La Iglesia ha prohibido que la gente confiese a través del fax y de internet para no violar los elementos constitutivos del sacramento de la penitencia: nadie como ella para preservar sus esencias y para precaverse del peligro tecnológico, pero en el veto se advierte que internet también ha dejado a la Santa Madre Iglesia en zapatillas y con la caja sin herramientas: si el catecismo Ripalda exigía, como condición de validez, la confesión "de boca", jamás imaginó que pudiera uno confesarse con la mano.

Y a fe que la confesión cibernética desorienta porque ponerse ante una página electrónica que te recibe con un "Welcome", escribir en ella tus pecados que desaparecen automáticamente a los pocos segundos, y creer que eso es suficiente para irse con la conciencia limpia, no es fácil de encajar. ¿Pueden los clústeres sustituir al confesionario, el olor a cera, la penumbra, la cercanía física de los sujetos, el diálogo, y la consecuencia psicológica? ¿Puede todo eso suplantarse por un simple "chateo" con Dios desde cualquier ciber?

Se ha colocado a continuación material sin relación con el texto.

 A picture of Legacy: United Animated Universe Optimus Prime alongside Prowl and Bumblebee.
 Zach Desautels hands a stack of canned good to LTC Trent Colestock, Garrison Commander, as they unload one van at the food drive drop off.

La confesión es el gran arma de la iglesia y más de uno estará en que no habría que desatender una técnica que puede aumentar los clientes, aunque pudiera también acarrear alguna regulación de empleo eclesiástico y es que esta revolución tecnológica, tan atropellante, supera los escenarios más imaginativos y los de más antiguas usanzas y a lo más que llega uno es a comparar la confesión por internet con el cibersexo: insípido, desalmado, sin entusiasmo. Posiblemente más de uno entre a ver qué pasa y tal vez pudiera encontrar el "deus ex machina" por esa puerta, acabando con irredentos descreídos.

Sea como fuera, de boca o por internet, la pregunta sigue siendo la misma: ¿hay alguien al otro lado? Tras esto, a uno sólo le cabe hincar la rodilla ante el tópico y terminar la columna como hay que terminarla: "Que Dios nos coja confesados".